── Source records

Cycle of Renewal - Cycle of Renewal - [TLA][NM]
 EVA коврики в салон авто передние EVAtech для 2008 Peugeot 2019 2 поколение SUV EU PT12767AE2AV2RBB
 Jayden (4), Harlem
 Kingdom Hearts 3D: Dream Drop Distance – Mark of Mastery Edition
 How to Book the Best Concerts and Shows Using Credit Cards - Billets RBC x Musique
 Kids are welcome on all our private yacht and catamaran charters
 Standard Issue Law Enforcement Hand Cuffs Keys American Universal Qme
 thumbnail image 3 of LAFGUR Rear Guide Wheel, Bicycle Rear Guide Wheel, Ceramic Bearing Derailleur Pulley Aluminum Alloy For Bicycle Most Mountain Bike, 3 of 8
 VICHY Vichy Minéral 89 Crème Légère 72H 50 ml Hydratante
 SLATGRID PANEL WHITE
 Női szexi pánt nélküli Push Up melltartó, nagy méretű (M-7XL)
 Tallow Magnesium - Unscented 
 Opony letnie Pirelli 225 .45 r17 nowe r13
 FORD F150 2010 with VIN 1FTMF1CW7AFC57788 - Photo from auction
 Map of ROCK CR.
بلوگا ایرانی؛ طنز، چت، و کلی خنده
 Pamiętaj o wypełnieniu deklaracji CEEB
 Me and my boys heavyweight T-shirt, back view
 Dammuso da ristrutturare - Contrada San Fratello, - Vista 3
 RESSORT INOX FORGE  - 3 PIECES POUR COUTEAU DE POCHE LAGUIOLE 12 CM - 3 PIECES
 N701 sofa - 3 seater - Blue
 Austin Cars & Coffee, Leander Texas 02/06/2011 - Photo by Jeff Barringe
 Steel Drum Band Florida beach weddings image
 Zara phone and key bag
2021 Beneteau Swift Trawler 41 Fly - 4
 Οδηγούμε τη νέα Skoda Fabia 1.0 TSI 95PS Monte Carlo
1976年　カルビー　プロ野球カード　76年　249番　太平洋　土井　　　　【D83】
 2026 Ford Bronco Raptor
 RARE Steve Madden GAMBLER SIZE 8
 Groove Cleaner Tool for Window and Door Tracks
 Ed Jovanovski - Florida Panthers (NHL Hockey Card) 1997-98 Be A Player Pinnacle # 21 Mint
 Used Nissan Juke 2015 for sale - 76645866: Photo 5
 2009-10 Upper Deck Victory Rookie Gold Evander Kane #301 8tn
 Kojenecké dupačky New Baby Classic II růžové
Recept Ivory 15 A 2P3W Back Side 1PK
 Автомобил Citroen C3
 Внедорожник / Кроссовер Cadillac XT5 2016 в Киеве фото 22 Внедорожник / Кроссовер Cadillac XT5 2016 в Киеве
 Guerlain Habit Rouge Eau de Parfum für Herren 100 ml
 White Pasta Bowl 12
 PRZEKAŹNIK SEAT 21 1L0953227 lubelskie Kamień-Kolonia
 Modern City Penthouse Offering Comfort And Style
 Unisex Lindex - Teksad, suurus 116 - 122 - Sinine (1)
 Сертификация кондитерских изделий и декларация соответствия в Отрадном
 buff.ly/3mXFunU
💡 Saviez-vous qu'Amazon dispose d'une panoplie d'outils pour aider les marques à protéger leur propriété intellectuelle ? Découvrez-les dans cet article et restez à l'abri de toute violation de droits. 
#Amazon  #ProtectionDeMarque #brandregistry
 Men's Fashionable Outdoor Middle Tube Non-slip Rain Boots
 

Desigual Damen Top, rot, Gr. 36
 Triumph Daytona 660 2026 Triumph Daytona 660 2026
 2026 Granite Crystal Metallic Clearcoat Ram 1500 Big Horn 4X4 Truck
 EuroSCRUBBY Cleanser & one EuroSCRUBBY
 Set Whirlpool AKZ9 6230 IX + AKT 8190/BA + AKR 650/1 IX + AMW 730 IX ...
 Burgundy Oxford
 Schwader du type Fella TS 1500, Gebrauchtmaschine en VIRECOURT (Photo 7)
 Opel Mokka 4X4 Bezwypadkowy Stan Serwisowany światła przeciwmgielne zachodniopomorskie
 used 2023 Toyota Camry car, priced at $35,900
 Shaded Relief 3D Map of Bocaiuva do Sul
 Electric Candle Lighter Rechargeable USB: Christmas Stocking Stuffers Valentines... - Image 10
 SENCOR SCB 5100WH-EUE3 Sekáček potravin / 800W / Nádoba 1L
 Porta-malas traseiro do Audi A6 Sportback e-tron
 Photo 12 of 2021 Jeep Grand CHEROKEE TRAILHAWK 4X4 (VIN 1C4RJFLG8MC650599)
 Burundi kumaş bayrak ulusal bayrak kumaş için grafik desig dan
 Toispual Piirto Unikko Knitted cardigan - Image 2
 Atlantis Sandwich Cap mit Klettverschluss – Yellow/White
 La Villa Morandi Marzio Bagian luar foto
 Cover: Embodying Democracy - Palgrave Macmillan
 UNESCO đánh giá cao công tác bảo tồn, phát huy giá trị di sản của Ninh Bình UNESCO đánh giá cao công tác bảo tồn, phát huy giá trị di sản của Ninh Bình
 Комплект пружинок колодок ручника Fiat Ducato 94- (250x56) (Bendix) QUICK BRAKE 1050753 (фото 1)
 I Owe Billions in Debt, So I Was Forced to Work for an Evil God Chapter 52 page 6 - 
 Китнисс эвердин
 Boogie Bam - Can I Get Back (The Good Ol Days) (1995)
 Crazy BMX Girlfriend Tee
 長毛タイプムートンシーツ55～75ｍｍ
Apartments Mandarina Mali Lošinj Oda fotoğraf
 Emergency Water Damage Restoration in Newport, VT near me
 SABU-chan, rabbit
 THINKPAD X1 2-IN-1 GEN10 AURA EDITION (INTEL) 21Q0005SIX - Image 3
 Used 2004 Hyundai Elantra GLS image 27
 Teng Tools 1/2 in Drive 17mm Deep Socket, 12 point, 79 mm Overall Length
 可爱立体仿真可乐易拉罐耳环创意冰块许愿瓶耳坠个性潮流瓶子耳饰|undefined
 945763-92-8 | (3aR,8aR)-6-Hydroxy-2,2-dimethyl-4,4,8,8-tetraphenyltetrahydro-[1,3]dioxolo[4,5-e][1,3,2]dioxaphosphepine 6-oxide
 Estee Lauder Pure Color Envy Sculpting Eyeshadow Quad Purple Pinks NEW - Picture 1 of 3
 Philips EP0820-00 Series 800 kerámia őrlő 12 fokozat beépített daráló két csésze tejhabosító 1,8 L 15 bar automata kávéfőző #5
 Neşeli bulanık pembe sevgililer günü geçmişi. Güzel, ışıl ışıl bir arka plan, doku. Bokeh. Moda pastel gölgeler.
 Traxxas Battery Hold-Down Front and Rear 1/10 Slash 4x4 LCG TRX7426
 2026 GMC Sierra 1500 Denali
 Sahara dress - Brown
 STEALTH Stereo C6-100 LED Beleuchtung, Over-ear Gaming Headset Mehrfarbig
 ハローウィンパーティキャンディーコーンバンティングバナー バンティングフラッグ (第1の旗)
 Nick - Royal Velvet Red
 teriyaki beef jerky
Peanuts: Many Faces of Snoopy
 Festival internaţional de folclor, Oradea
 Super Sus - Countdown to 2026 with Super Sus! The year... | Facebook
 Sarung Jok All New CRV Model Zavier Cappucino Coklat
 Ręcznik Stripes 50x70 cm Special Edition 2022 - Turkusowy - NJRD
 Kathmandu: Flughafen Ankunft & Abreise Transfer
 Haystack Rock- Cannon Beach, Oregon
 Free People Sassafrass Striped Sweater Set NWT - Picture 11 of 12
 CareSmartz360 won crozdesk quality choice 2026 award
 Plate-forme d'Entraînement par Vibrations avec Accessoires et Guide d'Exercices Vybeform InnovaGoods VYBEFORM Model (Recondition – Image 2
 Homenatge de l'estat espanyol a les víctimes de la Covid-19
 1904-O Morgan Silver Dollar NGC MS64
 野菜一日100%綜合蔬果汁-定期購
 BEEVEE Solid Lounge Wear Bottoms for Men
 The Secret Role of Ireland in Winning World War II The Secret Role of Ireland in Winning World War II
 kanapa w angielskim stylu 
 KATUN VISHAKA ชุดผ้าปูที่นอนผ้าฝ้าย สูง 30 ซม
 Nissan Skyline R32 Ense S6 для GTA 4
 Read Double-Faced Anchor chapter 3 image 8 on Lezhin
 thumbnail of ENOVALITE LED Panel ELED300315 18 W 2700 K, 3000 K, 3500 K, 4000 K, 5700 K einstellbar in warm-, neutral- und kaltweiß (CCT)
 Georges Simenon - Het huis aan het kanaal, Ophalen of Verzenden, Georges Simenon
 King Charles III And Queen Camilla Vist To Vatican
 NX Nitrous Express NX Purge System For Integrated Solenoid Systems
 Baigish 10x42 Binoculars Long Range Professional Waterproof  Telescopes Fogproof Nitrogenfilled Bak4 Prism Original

────

- [What to work on] What you retype should run from the first line of the entries above through the line containing "Standard Issue Law", exactly and in full.

- [Exercise result]
Cycle of Renewal - Cycle of Renewal - [TLA][NM]
 EVA коврики в салон авто передние EVAtech для 2008 Peugeot 2019 2 поколение SUV EU PT12767AE2AV2RBB
 Jayden (4), Harlem
 Kingdom Hearts 3D: Dream Drop Distance – Mark of Mastery Edition
 How to Book the Best Concerts and Shows Using Credit Cards - Billets RBC x Musique
 Kids are welcome on all our private yacht and catamaran charters
 Standard Issue Law Enforcement Hand Cuffs Keys American Universal Qme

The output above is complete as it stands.